- What to do:
With the pictures omitted, output word for word the lines from the one containing "image Flamingo Quilling Birthday Card" through the end of the records.

- Captioned web images:

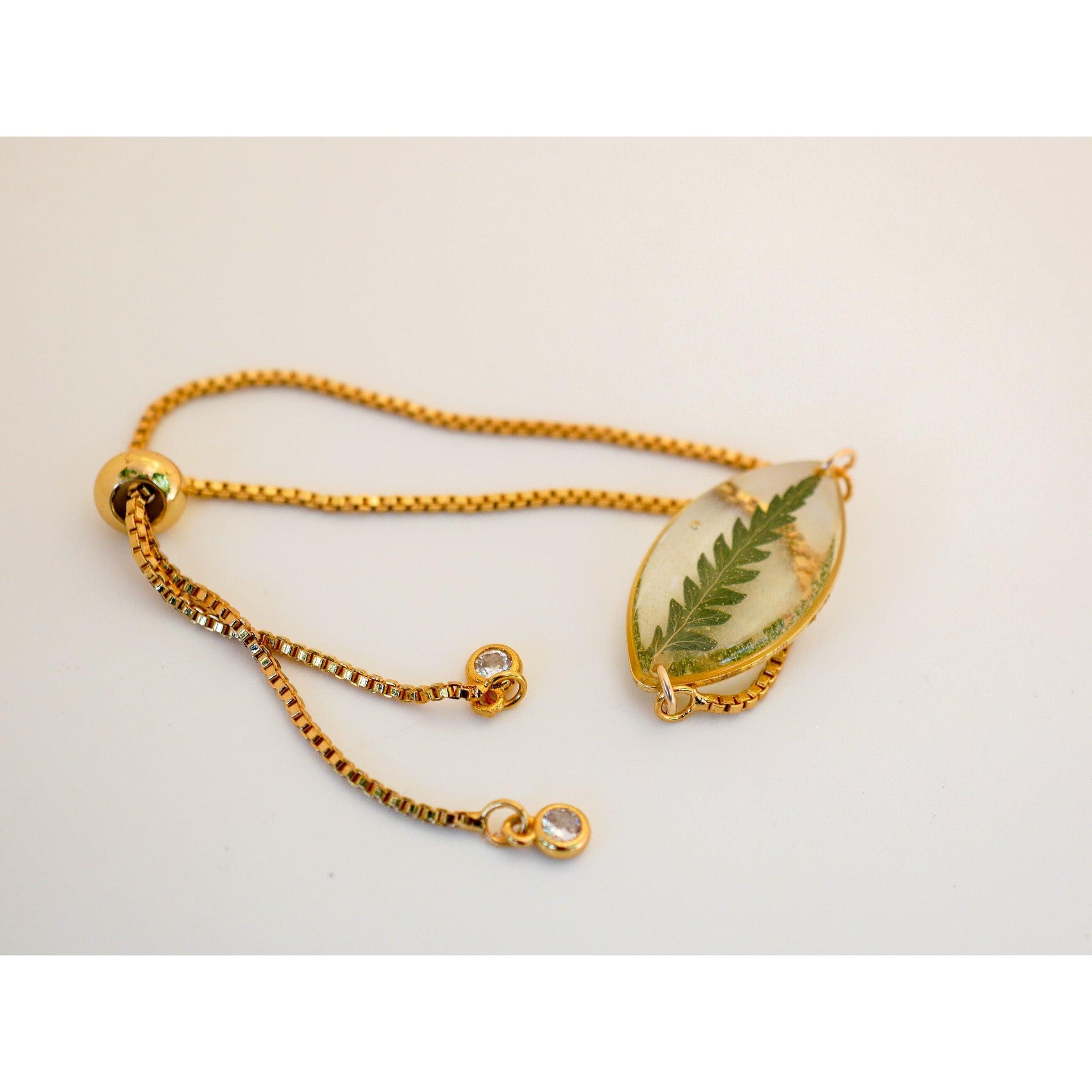 Dainty Fern Marquise Bracelet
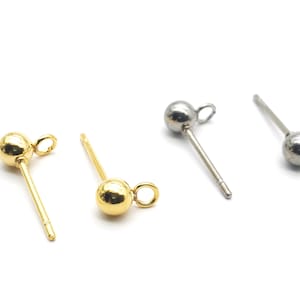 Stainless Steel Ball Stud Earring with Loop, Gold Steel Earring Findings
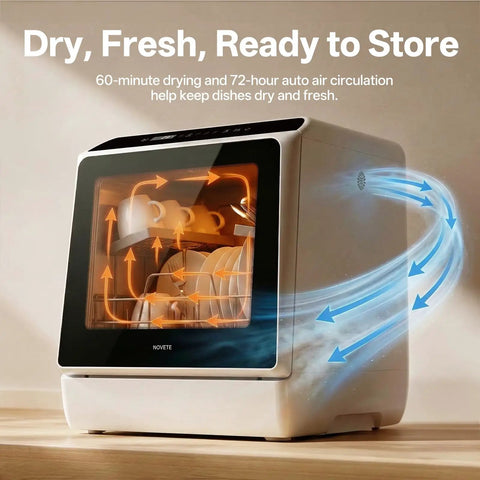 Nifty Portable Countertop Dishwasher For Tight Quarters Handles Four Place Settings On Dual Racks with drying function and airflow.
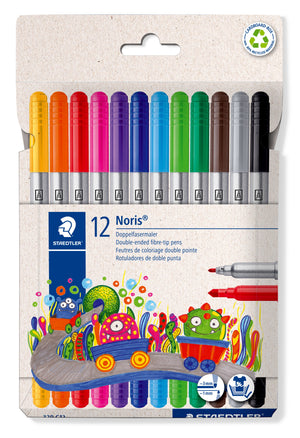 Staedtler Noris Double Ended Fibre Tip Pens Assorted Box 12 320 C12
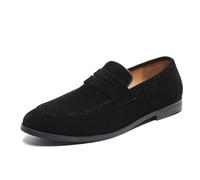 MANYUBEI Herren-Lederschuhe, Große Slip-on Loafer Business Freizeitschuhe Mattiert Niedrige Spitze Spitze Zehen Büroarbeit Bequeme, Atmungsaktive Herrenschuhe, 44 EU,Black
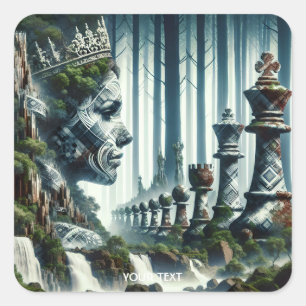 Adesivo Quadrado Fantasy Cute Chess Forest Moss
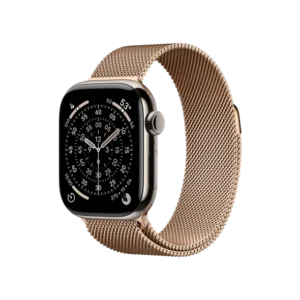 Смарт-часы Apple Watch Series 11 GPS + Cellular 42mm Natural Tit. Case w. Gold Milanese Loop (MF9H4+MGJ04) - image 1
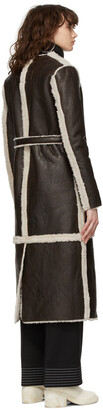MM6 MAISON MARGIELA Brown Leather & Shearling Wrap Coat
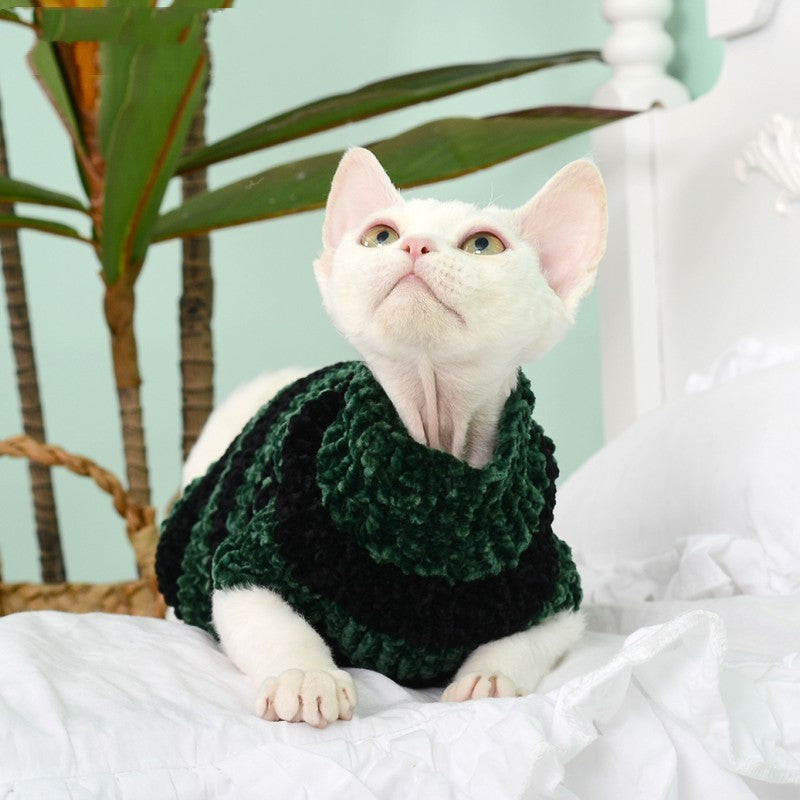Stylish Striped Sweater For Your Feline Friend
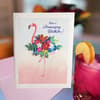 image Flamingo Quilling Birthday Card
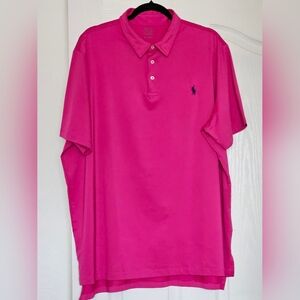 Polo Ralph Lauren Performance Polo Shirt Mens 2XL XXL Pink Stretch Golf Wicking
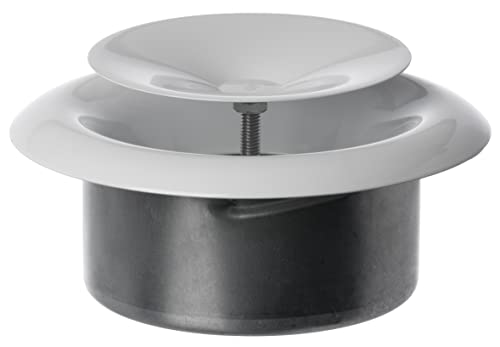 Ø 100mm Weiß Metall Anemostat - Zuluft Tellerventil - Rund Lüftungsventil mit Montagering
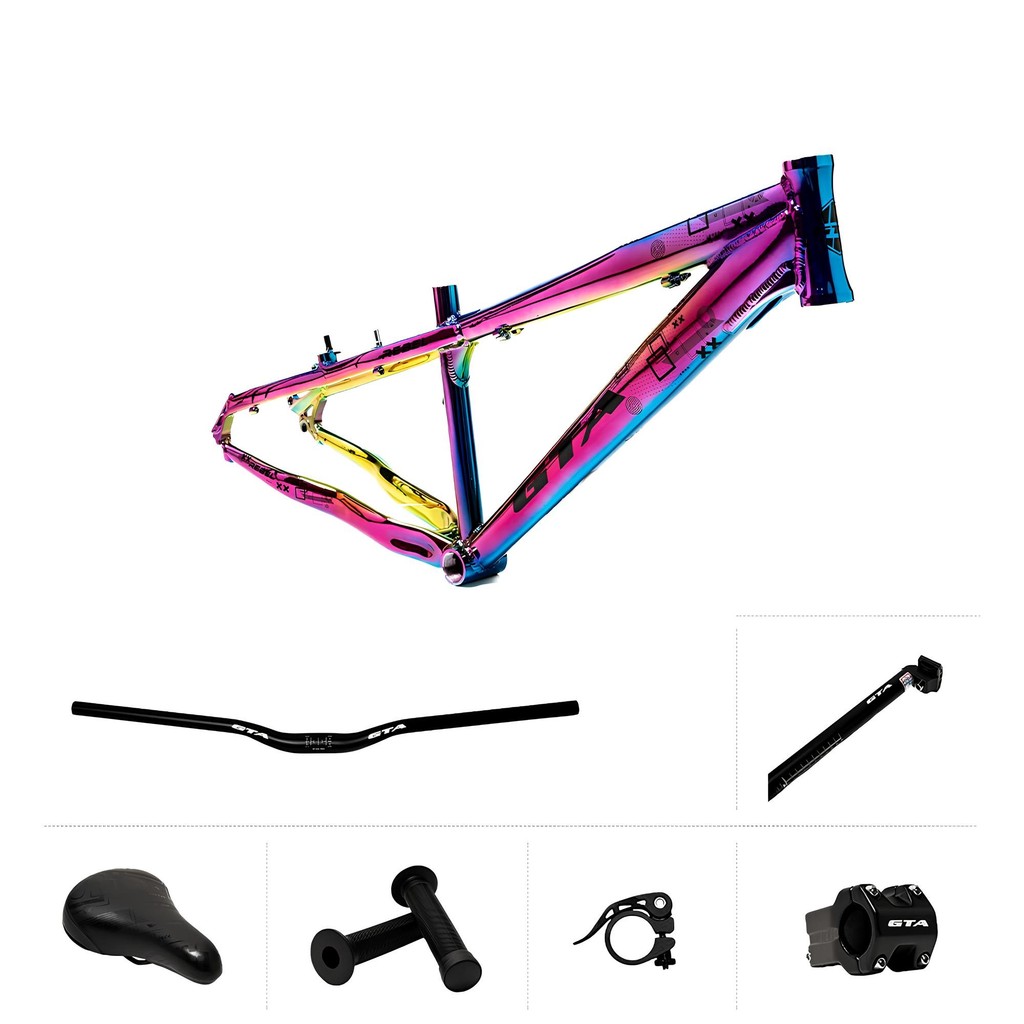 Quadro Bike Freeride Aro 26 GTA Rebel Alumínio Manobra Grau Várias Cores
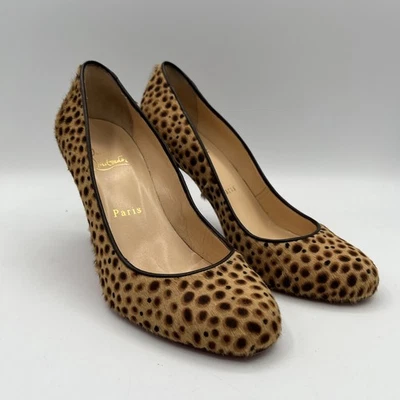 Christian Louboutin Animal Print Fur Heels Women’s Size 37.5 EU - A111016 - Image 1 of 4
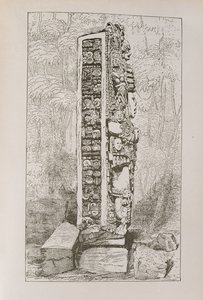 Znázornění mayských hieroglyfů na stéle, z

- Solution to this problem:
 image Flamingo Quilling Birthday Card
 Polo Ralph Lauren Performance Polo Shirt Mens 2XL XXL Pink Stretch Golf Wicking
 Ø 100mm Weiß Metall Anemostat - Zuluft Tellerventil - Rund Lüftungsventil mit Montagering
 Quadro Bike Freeride Aro 26 GTA Rebel Alumínio Manobra Grau Várias Cores
 Christian Louboutin Animal Print Fur Heels Women’s Size 37.5 EU - A111016 - Image 1 of 4
 Znázornění mayských hieroglyfů na stéle, z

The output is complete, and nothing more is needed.